#### Excerpted data ####

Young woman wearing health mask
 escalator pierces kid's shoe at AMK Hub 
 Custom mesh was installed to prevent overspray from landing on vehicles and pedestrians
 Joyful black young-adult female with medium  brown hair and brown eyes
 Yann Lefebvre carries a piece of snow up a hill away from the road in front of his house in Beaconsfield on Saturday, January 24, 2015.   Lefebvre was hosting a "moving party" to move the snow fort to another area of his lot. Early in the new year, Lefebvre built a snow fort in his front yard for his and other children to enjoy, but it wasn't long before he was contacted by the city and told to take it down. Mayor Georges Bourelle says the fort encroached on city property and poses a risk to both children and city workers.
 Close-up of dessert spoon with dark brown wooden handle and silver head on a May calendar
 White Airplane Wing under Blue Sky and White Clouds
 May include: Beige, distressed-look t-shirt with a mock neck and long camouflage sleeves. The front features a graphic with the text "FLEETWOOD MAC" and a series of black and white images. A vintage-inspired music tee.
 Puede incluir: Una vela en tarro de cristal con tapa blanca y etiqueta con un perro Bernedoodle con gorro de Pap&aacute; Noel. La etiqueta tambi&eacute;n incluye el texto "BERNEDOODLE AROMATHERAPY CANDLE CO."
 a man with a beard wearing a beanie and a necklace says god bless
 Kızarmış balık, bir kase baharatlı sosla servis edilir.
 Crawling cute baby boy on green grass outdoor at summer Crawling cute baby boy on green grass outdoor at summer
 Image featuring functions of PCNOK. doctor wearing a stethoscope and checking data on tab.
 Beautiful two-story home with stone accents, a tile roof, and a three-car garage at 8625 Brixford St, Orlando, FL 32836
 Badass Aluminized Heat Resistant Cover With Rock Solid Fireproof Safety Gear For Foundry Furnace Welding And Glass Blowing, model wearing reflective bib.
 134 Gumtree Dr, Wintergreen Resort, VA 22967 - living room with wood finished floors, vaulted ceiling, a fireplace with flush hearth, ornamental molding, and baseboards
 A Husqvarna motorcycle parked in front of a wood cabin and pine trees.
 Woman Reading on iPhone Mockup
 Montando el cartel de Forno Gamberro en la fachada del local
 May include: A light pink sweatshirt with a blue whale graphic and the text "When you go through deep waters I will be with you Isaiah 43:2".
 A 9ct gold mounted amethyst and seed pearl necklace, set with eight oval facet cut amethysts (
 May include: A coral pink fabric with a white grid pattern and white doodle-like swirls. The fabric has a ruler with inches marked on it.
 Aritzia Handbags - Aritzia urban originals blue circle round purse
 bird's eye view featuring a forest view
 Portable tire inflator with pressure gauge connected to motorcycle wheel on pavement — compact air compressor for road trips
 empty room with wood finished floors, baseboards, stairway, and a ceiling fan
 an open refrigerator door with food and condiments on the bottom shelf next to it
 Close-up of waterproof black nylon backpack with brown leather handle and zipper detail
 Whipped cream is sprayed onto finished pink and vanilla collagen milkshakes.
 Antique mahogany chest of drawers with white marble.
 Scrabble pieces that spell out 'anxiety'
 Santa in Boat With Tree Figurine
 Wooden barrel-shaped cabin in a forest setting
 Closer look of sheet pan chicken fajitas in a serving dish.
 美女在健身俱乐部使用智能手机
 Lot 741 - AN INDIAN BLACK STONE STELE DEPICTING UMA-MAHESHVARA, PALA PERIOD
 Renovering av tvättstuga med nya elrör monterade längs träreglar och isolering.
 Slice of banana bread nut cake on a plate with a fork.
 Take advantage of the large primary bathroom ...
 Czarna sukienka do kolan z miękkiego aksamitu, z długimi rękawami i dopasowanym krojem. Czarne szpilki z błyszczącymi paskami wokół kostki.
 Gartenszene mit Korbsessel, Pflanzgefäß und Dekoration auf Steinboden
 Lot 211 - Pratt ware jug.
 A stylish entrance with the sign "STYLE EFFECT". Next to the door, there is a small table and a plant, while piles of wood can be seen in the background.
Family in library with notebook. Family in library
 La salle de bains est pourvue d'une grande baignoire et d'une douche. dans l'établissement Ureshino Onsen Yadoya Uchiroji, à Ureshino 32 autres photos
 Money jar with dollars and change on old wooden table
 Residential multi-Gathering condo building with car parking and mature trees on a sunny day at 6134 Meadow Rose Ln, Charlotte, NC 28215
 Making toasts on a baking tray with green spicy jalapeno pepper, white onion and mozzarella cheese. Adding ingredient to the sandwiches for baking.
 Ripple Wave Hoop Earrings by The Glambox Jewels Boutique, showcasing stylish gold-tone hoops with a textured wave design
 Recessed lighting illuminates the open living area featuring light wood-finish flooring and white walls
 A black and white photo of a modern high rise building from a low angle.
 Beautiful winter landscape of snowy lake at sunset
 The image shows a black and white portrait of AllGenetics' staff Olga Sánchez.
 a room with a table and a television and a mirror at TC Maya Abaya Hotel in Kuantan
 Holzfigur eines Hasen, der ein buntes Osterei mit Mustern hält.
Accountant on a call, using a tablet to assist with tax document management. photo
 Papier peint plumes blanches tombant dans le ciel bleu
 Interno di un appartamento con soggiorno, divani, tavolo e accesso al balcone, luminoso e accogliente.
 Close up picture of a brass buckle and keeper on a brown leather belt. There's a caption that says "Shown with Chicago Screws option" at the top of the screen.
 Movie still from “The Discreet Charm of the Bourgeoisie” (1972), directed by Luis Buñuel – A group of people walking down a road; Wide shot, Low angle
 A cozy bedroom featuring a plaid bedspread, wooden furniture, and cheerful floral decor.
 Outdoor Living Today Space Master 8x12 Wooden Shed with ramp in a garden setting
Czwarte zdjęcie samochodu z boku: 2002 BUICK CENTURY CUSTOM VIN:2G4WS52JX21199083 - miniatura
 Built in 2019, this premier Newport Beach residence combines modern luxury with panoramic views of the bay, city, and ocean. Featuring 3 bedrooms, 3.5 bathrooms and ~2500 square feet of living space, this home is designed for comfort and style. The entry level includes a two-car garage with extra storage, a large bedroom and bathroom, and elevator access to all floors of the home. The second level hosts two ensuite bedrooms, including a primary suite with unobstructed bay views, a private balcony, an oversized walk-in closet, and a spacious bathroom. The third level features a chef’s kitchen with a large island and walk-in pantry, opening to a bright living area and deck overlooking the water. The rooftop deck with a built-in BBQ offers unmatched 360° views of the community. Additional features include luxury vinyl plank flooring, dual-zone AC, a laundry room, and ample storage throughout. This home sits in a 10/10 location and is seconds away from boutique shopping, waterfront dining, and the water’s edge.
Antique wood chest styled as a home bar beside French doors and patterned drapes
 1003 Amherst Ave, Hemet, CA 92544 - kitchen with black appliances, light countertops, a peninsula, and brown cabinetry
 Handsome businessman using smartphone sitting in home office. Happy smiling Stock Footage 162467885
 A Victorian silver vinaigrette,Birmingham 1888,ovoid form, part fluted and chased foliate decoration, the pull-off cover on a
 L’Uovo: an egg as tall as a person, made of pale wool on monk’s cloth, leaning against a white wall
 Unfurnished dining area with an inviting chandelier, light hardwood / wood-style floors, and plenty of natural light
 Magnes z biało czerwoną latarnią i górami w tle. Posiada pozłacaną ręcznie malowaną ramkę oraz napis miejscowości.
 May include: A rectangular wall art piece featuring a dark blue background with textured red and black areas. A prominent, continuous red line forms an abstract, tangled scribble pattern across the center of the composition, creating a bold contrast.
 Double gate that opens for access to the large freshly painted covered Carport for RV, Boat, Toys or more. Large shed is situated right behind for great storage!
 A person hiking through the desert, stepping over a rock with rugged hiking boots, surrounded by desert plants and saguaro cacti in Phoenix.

####

◆ What the exercise asks ◆
In the entries above, how many lines hold the word "using"? State the number and nothing else.

◆ Solution to this problem ◆
2